| WHAT YOU HAVE TO DO |
Go through the data below. List every line that holds the word "Street".

Caption-style text data









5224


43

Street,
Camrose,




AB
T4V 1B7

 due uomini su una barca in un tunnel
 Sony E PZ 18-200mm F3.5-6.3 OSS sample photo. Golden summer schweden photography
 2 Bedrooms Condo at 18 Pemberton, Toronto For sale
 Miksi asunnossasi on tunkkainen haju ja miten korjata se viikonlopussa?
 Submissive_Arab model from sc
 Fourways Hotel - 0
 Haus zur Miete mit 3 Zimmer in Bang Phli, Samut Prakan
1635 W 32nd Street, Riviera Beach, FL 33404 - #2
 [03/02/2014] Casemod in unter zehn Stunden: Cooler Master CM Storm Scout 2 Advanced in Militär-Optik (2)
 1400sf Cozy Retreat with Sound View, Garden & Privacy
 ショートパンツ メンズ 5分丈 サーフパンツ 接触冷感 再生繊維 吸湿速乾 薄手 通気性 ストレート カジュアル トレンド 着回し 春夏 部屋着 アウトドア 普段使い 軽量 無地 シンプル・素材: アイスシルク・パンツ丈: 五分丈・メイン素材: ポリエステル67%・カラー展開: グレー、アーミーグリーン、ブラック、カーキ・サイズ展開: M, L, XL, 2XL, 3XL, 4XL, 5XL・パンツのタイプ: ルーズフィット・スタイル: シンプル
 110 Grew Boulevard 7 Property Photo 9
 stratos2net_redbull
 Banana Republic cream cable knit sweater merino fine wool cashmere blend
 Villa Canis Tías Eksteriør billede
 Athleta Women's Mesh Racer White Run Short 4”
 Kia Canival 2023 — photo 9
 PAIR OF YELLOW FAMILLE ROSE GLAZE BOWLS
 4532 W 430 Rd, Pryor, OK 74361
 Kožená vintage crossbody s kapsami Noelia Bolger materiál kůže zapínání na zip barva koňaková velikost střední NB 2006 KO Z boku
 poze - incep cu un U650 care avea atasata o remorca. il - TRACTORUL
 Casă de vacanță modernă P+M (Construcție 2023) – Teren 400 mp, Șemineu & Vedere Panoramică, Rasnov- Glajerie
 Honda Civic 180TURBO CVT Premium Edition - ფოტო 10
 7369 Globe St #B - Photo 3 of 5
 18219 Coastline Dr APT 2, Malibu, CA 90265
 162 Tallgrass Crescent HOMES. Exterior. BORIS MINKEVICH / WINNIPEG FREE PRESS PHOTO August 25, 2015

| TASK ANSWER |
Street,
1635 W 32nd Street, Riviera Beach, FL 33404 - #2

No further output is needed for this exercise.